"No Nukes"
忌野清志郎「ラブ・ミー・テンダー」「サマー・タイム・ブルース」
斉藤和義 「ずっとウソだった」
・何かことが起こると、それを批判する歌が生まれる。歌にはもともと、そんなメッセージを伝える働きがあり、人びとの心や考えを凝縮させ、エネルギーを生み出す力があった。そんな一面はフォークやロック音楽が商業主義化された後も、一つの伝統として守り続けられてきた。少なくとも欧米ではそうだった。
・たとえば、スリーマイル島の原発事故があった1979年には、事故があった3月から半年後の9月にニューヨークのマジソン・スクエア・ガーデンで「ノー・ニュークス」という名の反核コンサートが5日間開催された。当時人気のあったブルース・スプリングスティーンやジャクソン・ブラウン、ジェームズ・テイラー、カーリー・サイモン、トム・ペティ、ライ・クーダーといったミュージシャンが大挙して出演し、その様子は2枚のCDになって残されている。VHS版として発売された実況録画をネットでも見ることができる。→"No Nukes"

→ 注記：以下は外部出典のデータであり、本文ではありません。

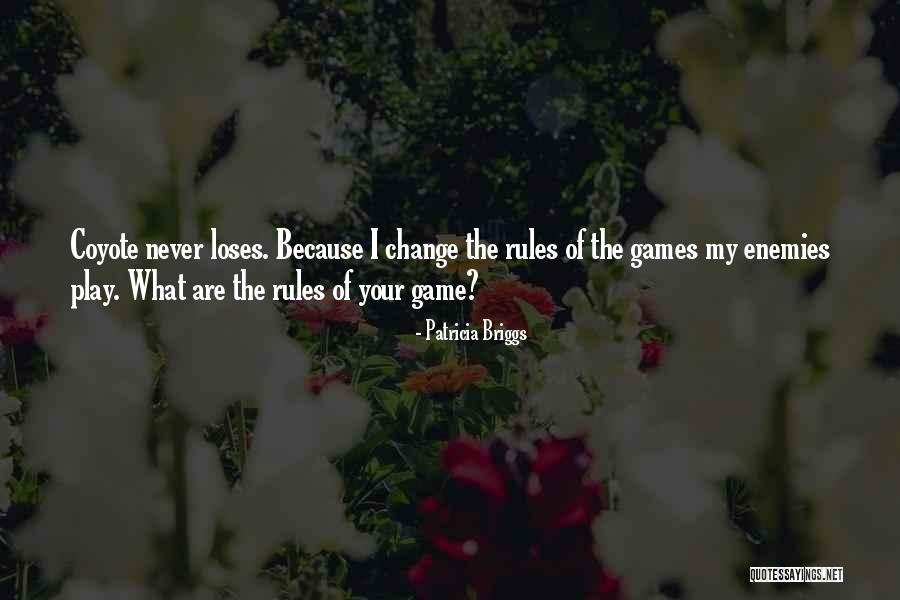 Game Change Quotes By Patricia Briggs Game Change Quotes By Patricia Briggs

・フォークやロックの音楽がJポップと呼ばれる日本の音楽の基本になっていることはいうまでもない。ところが、日本人のミュージシャンには、さまざまな出来事に際してメッセージを発するといった姿勢が希薄だという特徴があって、その政治意識の少なさは、ポピュラー音楽におけるガラパゴス化を象徴するものだと言えた。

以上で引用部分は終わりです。